Curiously, those who protest self-righteously against being associated with gender-based journalist organisations have no qualms about being active members and even office-bearers of various other media bodies, in which membership is also restricted, whether in terms of professional designation, field of coverage, print, TV and so forth.
As one of the founding members of the IWPC, I have frequently been asked: Why the need for an IWPC when there is the Press Club of India (PCI), which is open to all journalists? The answer is that the corps, not club as it is often mistakenly referred to, was started with rather different objectives from the more jolly PCI, which was originally meant to be a convivial watering hole, a place to unwind after long hours at work.
The IWPC was conceived not simply as a cheap and convenient meeting place. It was to be a professional forum upholding standards of journalism and fighting for important issues concerning press freedom. It would provide even junior members an opportunity to interact with people in the news and organise meaningful discussions on topical issues.
Another important objective was to act as a support group for women in a profession where the demanding work schedule, unconventional hours and low wages, at least when women first entered the media, put a strain on a woman journalist’s social and family life. When I joined as a reporter in Delhi in the early 1970s, there was no such thing as a separate toilet for women either in my newspaper or near the Press Gallery in Parliament. Even the PCI women’s toilet was an apology of a loo. While reporters had their scooters, women had to rely on the erratic and infrequent bus service or else blow up most of their earnings hiring autorickshaws. The neighbours wondered whether you worked in a night club, or worse, when the battered office van dropped you home at 1 am or 2 am after night duty.

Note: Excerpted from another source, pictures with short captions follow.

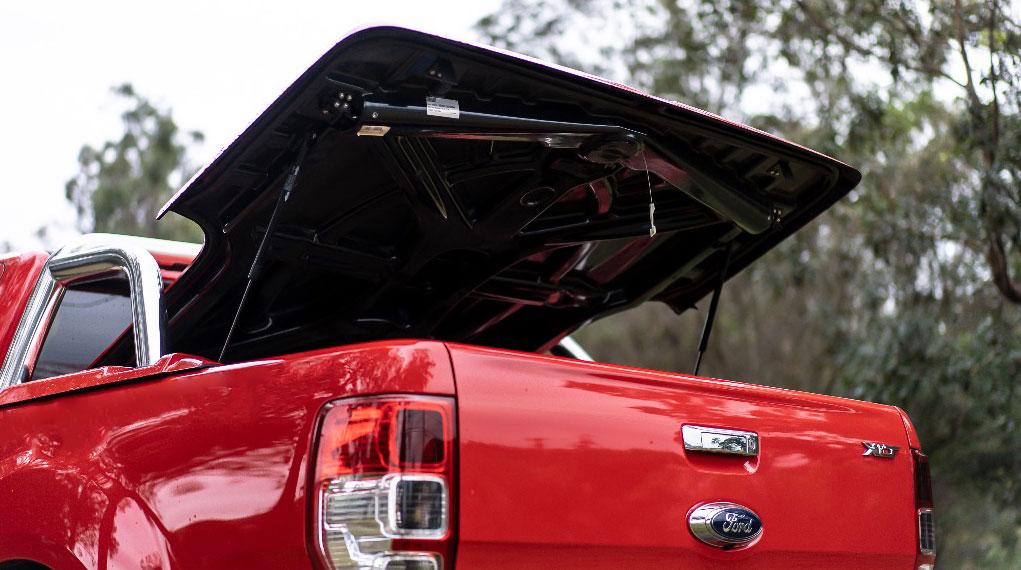 red ford ute with an open egr hard lid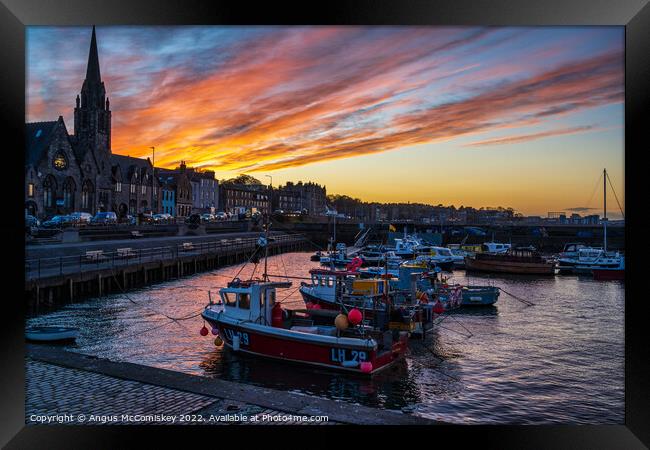 Dramatic sunset at Newhaven Harbour, Edinburgh Framed Print by Angus McComiskey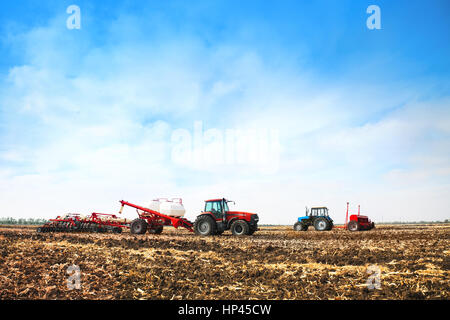 Les tracteurs avec des chars sur le terrain. Les machines agricoles et l'agriculture. Banque D'Images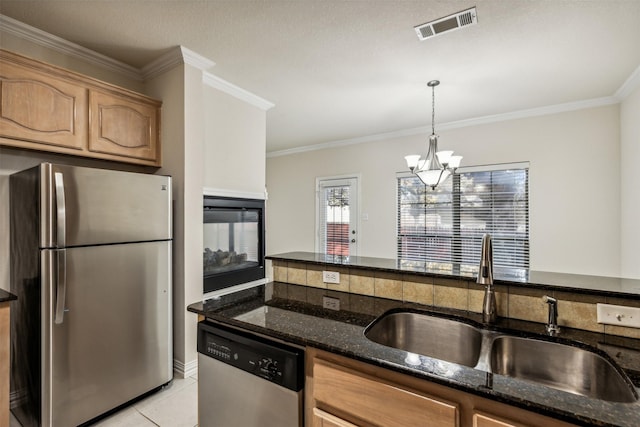 kitchen featuring sink, decorative light fixtures, light tile patterned floors, appliances with stainless steel finishes, and a notable chandelier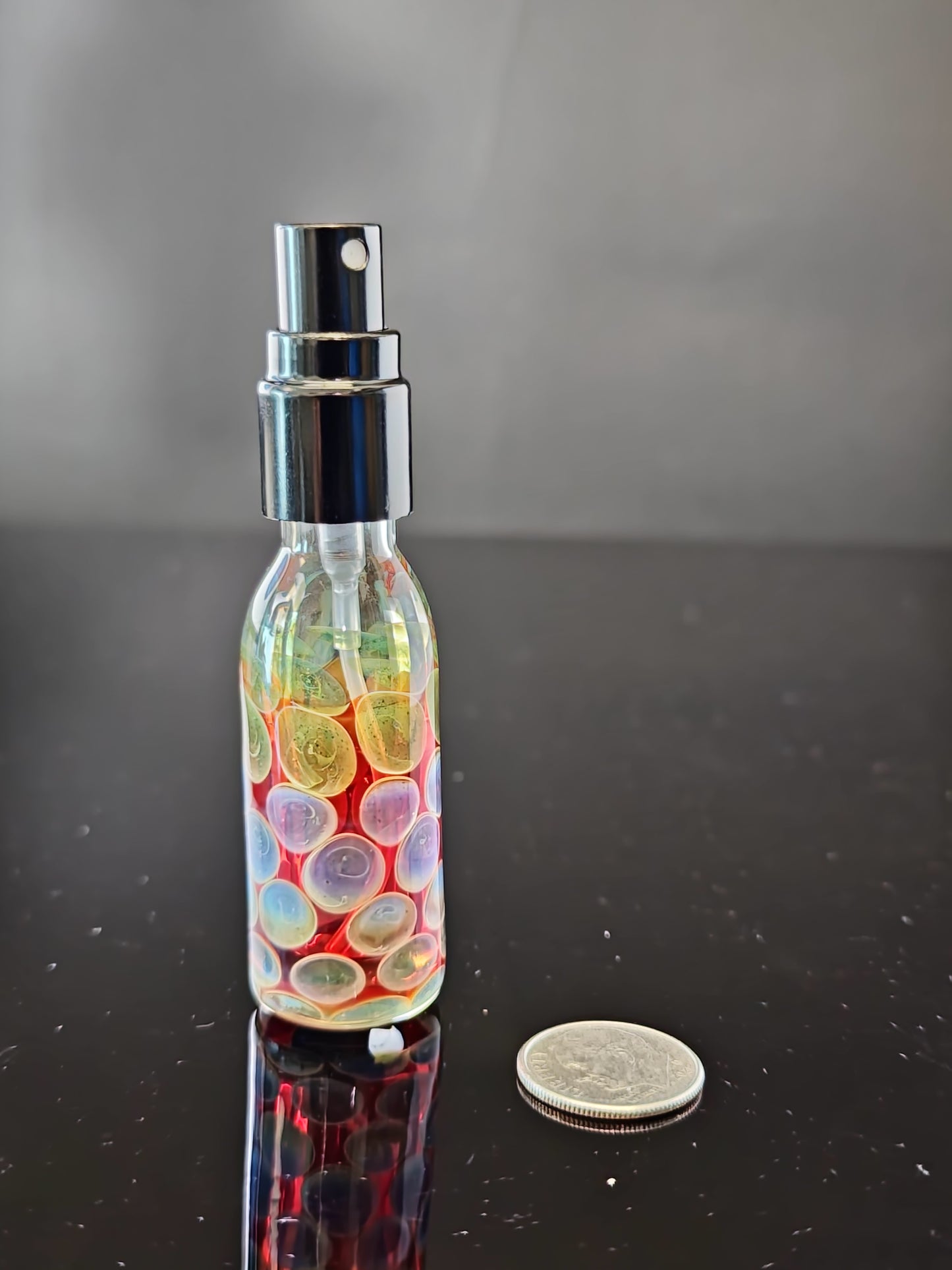 Red Spray Bottle with Purple/Green Dots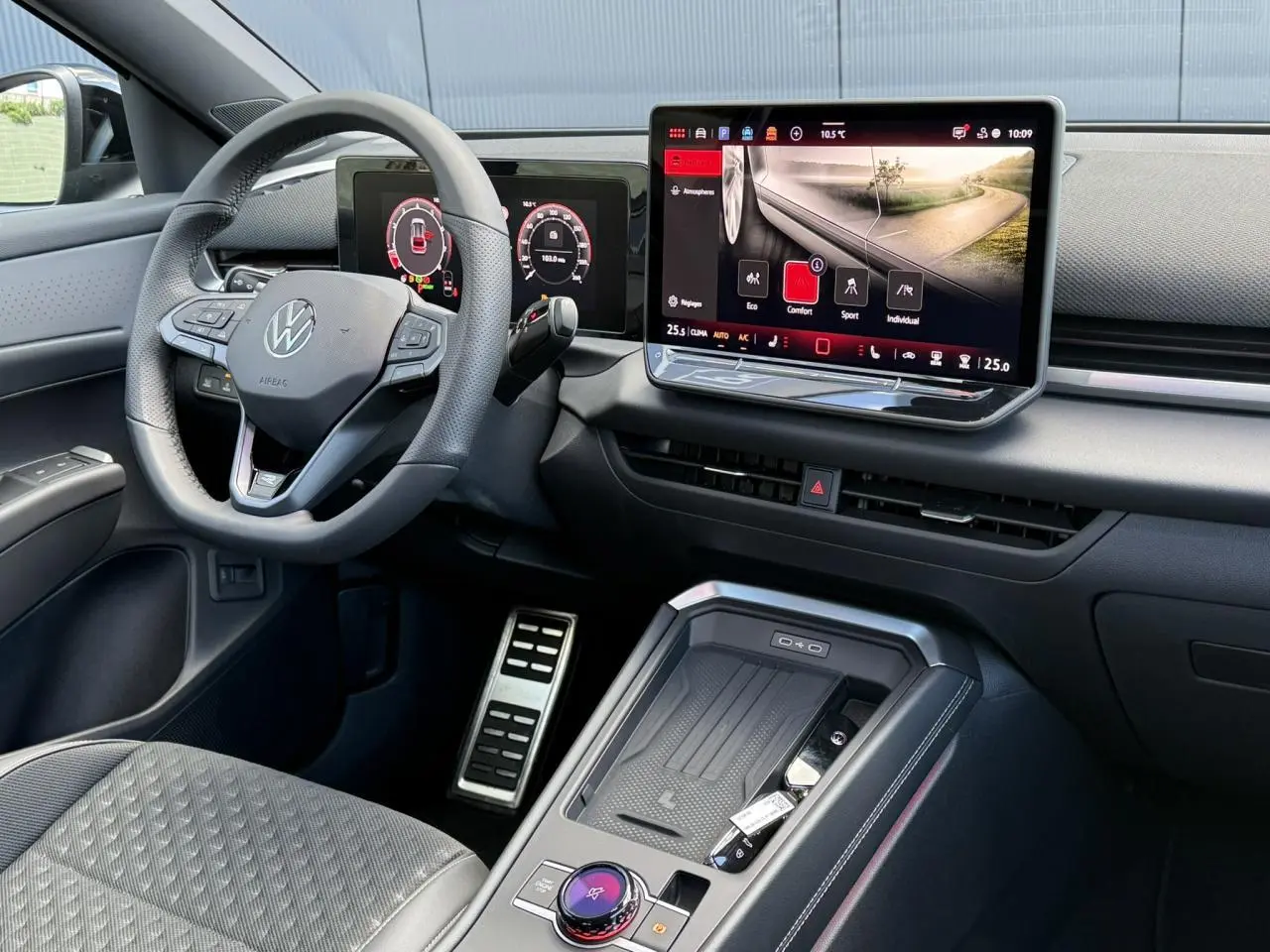 Vue intérieure côté conducteur du Volkswagen T-Roc 2026, tableau de bord numérique et écran tactile central avec volant cuir multifonction.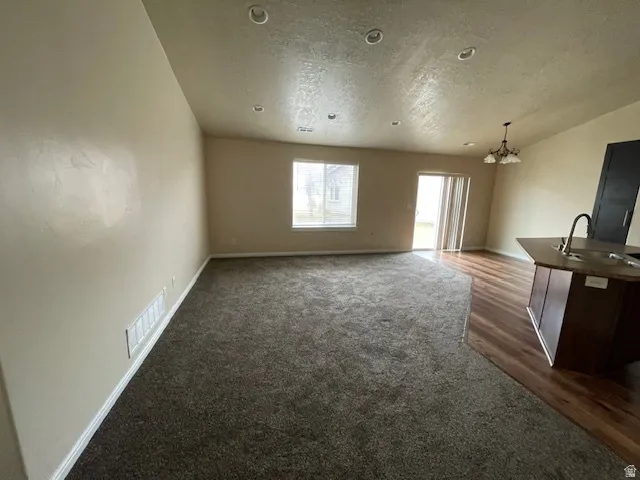 Unfurnished living room featuring a chandelier and dark carpet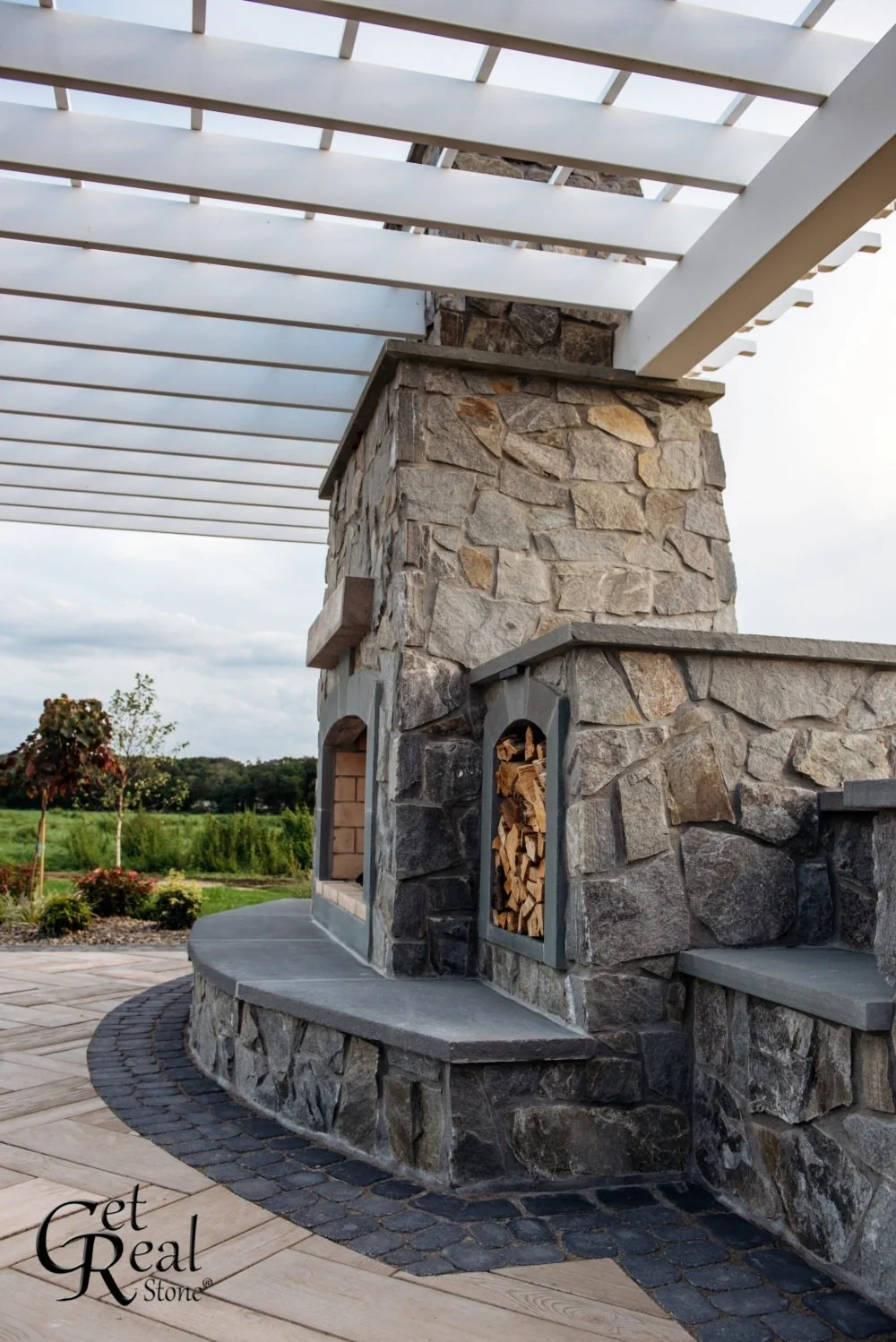 A stone outdoor fireplace and wood storage under a white pergola, with a landscape and trees in the background.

It was my friend and former colleague Kalyani Shankar, who originally conceived the concept of the IWPC. And it was she who was enterprising enough to even pinpoint a government bungalow lying vacant for many years, 5 Windsor Place. Kalyani, Saroj Nagi and myself quietly make a recce of the mysterious place.
It was thanks to then Prime Minister P V Narasimha Rao’s support and our persistence that our dream actually fructified. I still recall with a chuckle our meeting with Prime Minister Rao. A group of five of us, Kalayani, Mrinal Pande, Usha Rai, Rashme Saksena and myself met the PM and presented him a letter on behalf of the IWPC requesting that the government allot us a bungalow. The master draftsman for his party indicated approval of our drafting skills, noting we had made all the rights points and then sensibly ended by suggesting a solution; a possible place. Rao, as was his style, sat stony faced not indicating what he was thinking.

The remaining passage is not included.